Sejak bisikan kejam ibunya itu menancap di jiwanya, setiap hari adalah pengukuhan atas status Rena sebagai sebuah kepemilikan. Pengetahuan bahwa ia hanyalah salah satu dari sekian banyak "koleksi" Kwame yang akhirnya "menghilang" terasa seperti hukuman mati yang tertunda. Tanpa harapan akan penyelamat atau akhir yang berbeda, Rena tenggelam lebih dalam ke dalam kekosongan yang ia bangun sendiri.
Kehidupan Rena tetap berputar dalam lingkaran emas yang disiapkan Kwame. Ia adalah bayangan, bergerak tanpa tujuan kecuali memenuhi kehendak tuannya. Setiap sentuhan Kwame, setiap pelecehan yang terus berlanjut, terasa semakin hampa. Tubuhnya merespons dengan sendirinya, sebuah mesin yang telah diprogram untuk patuh, sementara pikiran Rena mengembara ke tempat yang jauh, mencoba membangun dinding terakhir yang tak bisa ditembus Kwame.
Suatu pagi, di tengah sarapan yang sunyi, Kwame menjentikkan jarinya ke meja. "Sayang, aku punya kejutan untukmu," katanya, senyum lebarnya memperlihatkan deretan gigi putih yang sempurna. "Kita akan berlibur. Ke sebuah vila pribadi di selatan Prancis. Jauh dari hiruk pikuk kota, hanya kita berdua."
Rena hanya mengangguk, matanya kosong. Liburan? Baginya, setiap tempat adalah penjara, setiap momen adalah siksaan yang berbeda.
"Dan untuk liburan ini," lanjut Kwame, tatapannya menyusuri tubuh Rena yang dibalut jubah mandi sutra, "aku ingin sesuatu yang berbeda. Kau tahu, di sana sangat hangat. Aku tidak ingin kau memakai gaun-gaun berat atau pakaian formal itu. Aku ingin kau berpenampilan minim. Seksi. Aku ingin melihat setiap inci keindahan tubuh yang telah kubentuk ini."

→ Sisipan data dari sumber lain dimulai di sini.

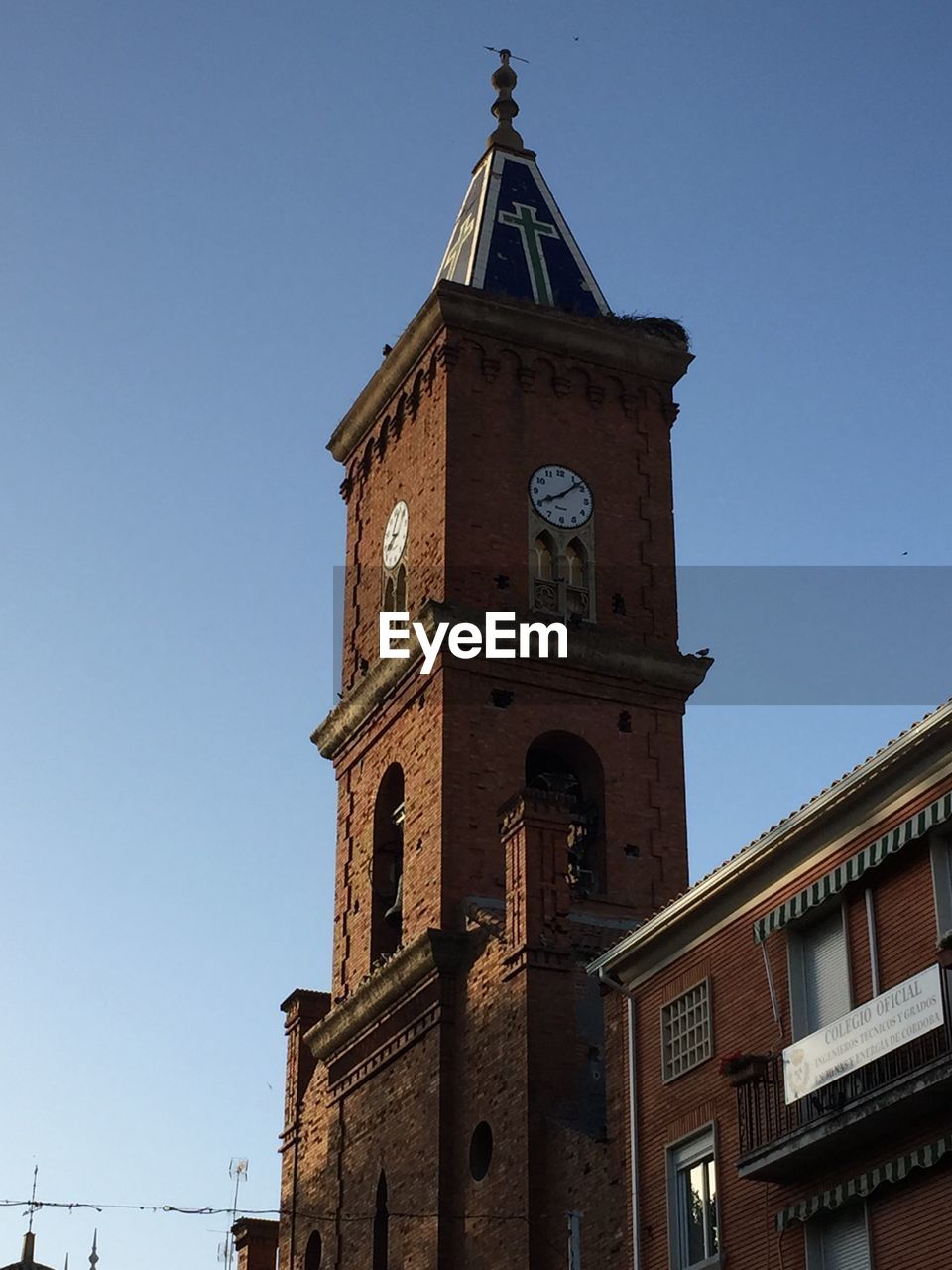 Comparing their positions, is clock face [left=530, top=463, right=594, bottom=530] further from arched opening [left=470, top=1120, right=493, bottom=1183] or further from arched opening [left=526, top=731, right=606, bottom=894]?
arched opening [left=470, top=1120, right=493, bottom=1183]

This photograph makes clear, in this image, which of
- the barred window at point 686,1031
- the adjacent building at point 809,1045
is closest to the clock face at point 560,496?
the adjacent building at point 809,1045

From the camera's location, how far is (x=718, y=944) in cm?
3259

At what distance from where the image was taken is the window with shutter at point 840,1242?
1106 inches

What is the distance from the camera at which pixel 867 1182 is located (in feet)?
91.2

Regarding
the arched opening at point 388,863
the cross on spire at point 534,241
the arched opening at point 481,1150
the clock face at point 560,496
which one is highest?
the cross on spire at point 534,241

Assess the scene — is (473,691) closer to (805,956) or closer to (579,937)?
(579,937)

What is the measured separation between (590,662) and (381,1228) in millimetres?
11467

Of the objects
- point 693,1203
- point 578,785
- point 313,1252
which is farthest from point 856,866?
point 313,1252

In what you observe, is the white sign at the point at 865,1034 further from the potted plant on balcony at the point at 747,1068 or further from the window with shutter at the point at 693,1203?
the window with shutter at the point at 693,1203

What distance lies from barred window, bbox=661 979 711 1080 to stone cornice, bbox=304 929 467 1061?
8.07 m

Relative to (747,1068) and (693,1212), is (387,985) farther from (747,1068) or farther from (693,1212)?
(747,1068)

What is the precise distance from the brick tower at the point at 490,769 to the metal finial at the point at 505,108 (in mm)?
2127

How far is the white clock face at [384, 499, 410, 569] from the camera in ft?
160

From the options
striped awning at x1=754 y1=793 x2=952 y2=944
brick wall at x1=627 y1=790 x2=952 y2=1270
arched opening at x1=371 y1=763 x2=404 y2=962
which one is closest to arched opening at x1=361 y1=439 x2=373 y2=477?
arched opening at x1=371 y1=763 x2=404 y2=962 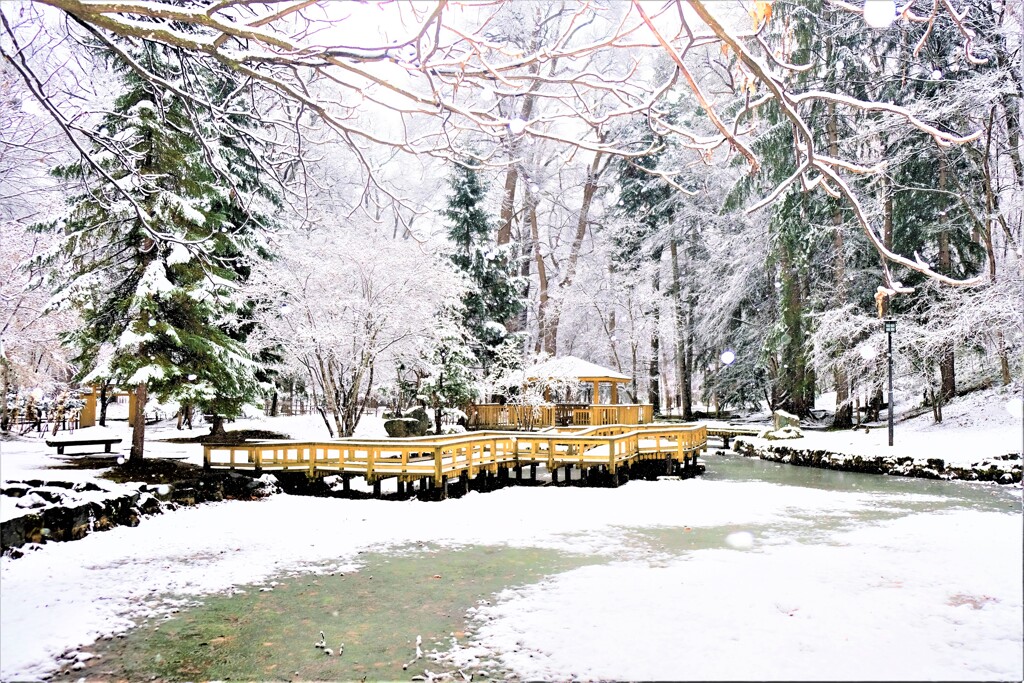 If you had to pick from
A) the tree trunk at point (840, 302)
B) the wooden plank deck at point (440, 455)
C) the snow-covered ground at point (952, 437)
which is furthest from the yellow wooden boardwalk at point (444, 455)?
the tree trunk at point (840, 302)

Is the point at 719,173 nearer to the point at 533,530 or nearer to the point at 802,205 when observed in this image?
Answer: the point at 802,205

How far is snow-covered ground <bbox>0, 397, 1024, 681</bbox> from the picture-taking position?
3.73m

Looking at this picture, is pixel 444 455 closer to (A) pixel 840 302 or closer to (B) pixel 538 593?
(B) pixel 538 593

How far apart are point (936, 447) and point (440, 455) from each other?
11185mm

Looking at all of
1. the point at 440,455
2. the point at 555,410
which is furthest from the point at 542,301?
the point at 440,455

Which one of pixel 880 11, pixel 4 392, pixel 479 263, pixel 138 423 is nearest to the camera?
pixel 880 11

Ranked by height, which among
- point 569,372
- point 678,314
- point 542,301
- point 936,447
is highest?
point 542,301

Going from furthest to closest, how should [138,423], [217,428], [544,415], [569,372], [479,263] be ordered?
[479,263], [569,372], [544,415], [217,428], [138,423]

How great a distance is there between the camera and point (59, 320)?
1477cm

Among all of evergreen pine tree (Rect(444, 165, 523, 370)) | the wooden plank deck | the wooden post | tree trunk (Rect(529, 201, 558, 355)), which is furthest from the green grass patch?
tree trunk (Rect(529, 201, 558, 355))

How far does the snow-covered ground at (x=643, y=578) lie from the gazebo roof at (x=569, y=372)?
1059cm

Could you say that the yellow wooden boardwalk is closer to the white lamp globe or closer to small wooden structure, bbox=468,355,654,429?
small wooden structure, bbox=468,355,654,429

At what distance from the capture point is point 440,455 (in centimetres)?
1095

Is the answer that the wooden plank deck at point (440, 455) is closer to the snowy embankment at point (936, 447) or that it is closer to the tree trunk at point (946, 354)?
the snowy embankment at point (936, 447) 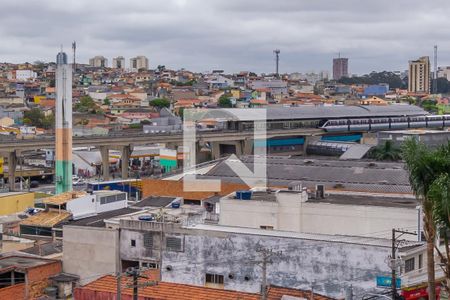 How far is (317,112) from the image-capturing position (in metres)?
54.9

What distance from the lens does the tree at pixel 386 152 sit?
34.4 m

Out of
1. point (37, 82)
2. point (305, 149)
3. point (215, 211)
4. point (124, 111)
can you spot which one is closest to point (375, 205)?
point (215, 211)

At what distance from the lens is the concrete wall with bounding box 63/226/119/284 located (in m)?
16.1

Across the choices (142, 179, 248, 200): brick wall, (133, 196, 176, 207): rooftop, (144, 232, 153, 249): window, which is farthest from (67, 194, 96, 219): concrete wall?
(144, 232, 153, 249): window

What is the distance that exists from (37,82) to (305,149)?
58985mm

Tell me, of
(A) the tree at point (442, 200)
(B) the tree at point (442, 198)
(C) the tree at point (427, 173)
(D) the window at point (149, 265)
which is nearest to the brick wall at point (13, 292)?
(D) the window at point (149, 265)

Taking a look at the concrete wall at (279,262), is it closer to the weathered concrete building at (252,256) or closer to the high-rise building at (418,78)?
the weathered concrete building at (252,256)

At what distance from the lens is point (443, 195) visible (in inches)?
391

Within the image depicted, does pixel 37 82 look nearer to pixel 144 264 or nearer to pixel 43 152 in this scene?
pixel 43 152

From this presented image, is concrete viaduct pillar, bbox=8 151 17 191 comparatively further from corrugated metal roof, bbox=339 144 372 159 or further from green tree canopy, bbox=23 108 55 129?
green tree canopy, bbox=23 108 55 129

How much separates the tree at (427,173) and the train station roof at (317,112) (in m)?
38.9

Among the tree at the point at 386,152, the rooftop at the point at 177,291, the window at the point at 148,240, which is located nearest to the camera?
the rooftop at the point at 177,291

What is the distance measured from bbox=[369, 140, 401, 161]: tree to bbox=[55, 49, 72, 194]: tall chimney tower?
42.6 feet

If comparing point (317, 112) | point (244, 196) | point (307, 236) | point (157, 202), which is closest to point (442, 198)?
point (307, 236) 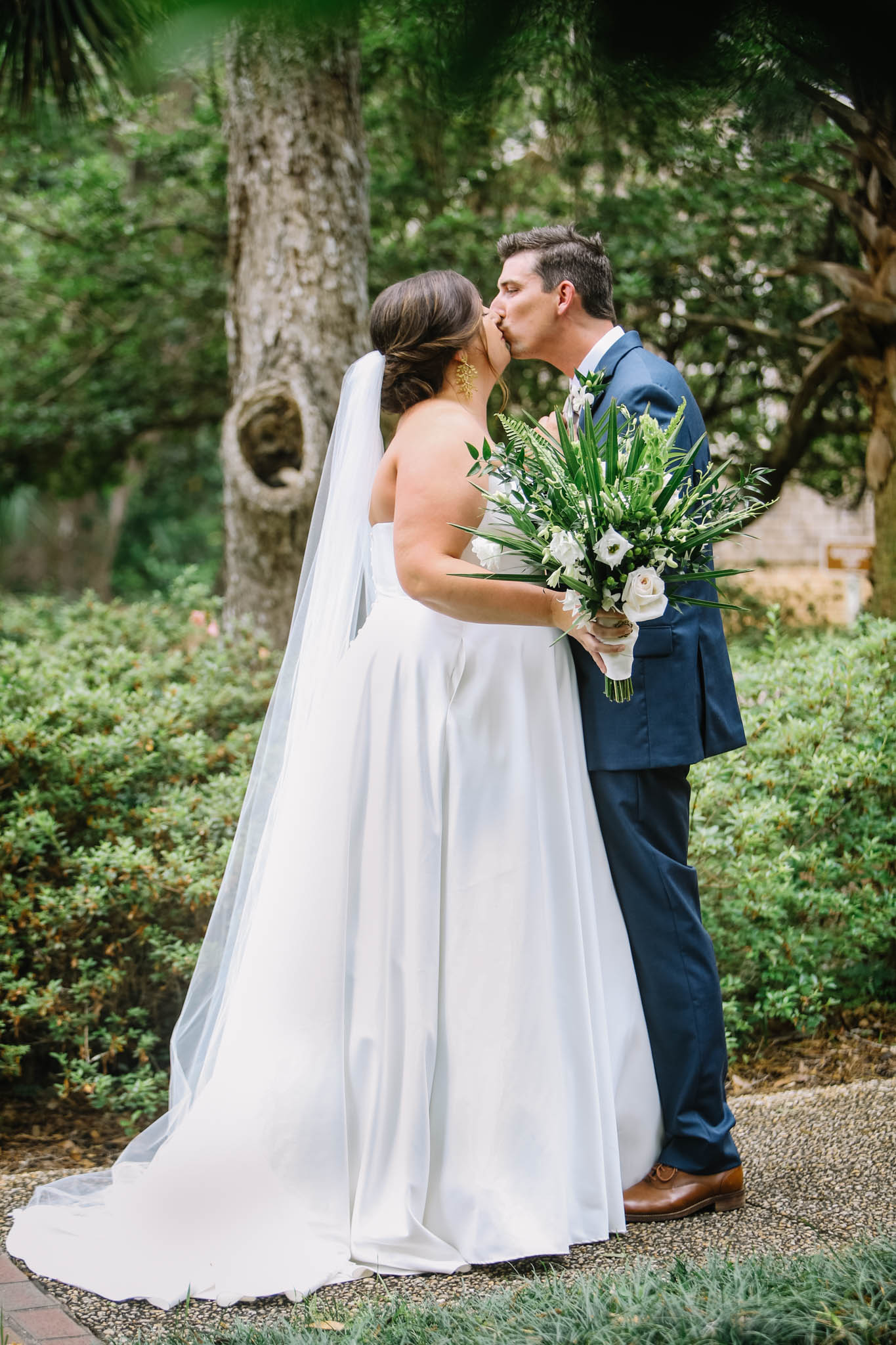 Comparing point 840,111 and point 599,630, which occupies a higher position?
point 840,111

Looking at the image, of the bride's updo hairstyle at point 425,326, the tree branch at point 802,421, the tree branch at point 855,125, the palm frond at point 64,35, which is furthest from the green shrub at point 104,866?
the tree branch at point 802,421

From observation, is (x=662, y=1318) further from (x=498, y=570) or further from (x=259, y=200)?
(x=259, y=200)

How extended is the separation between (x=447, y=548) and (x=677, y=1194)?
1.68 m

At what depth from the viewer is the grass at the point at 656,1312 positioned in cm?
199

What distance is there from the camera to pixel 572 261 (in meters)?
3.10

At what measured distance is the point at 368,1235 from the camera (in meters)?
2.57

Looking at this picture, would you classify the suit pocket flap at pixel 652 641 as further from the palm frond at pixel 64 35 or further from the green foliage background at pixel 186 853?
the palm frond at pixel 64 35

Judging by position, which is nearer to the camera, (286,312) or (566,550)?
(566,550)

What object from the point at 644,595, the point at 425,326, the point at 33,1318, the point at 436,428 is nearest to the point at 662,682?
the point at 644,595

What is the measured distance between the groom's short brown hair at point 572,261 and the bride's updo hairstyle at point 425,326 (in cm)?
26

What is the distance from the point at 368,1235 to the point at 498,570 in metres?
1.57

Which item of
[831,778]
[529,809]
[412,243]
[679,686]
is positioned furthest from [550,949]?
[412,243]

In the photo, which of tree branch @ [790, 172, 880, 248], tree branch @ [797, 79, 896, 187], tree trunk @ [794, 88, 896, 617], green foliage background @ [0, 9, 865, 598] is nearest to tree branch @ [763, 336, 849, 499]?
green foliage background @ [0, 9, 865, 598]

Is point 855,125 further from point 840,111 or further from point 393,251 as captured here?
point 393,251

Jantung Rena menciut. Pakaian minim. Seksi. Itu berarti lebih banyak lagi bagian dirinya yang akan terpamerkan, lebih banyak lagi ia akan merasa telanjang di hadapan Kwame, dan bahkan mungkin di depan mata pelayan atau staf vila. Selama ini, gaun-gaun yang ia kenakan setidaknya memberi ilusi perlindungan, menutupi kehinaan di baliknya. Kini, Kwame ingin menelanjanginya, bukan hanya secara fisik, tetapi juga secara simbolis.
"Aku sudah menyiapkan beberapa pakaian khusus untukmu," kata Kwame, seolah membaca pikiran Rena. "Jangan khawatir. Hanya yang terbaik. Bikini, pakaian renang yang terbuka, gaun-gaun pantai yang transparan. Aku ingin kau bebas bergerak, merasakan matahari dan angin di kulitmu. Dan aku ingin melihatnya." Senyumnya melebar menjadi seringai posesif.
Rena hanya bisa mengangguk, tenggorokannya tercekat. Ia tahu perlawanan adalah sia-sia. Kwame tidak meminta, ia memberi perintah. Di benaknya, ia bisa membayangkan dirinya terbaring di tepi kolam renang, tubuhnya terekspos sepenuhnya di bawah tatapan Kwame, sebuah objek yang dipamerkan tanpa malu. Ia membayangkan kain-kain tipis yang akan menonjolkan setiap lekuk tubuhnya yang telah direkayasa, setiap tanda perubahan yang telah ia alami.
Persiapan liburan dimulai. Asisten Kwame membawakan koper-koper berisi pakaian-pakaian yang disebutkan Kwame: bikini dengan potongan rendah, pakaian renang one-piece dengan belahan tinggi dan detail jaring yang transparan, gaun pantai dari bahan sheer yang nyaris tembus pandang, dan lingerie sutra yang lebih berani dari biasanya. Rena memegang salah satu bikini itu, kainnya terasa tipis dan tak memberikan perlindungan apa pun. Ia menatap pantulannya di cermin, membayangkan dirinya mengenakan itu. Sekali lagi, ia merasa dirinya direduksi menjadi seonggok daging, sebuah objek estetika yang brutal.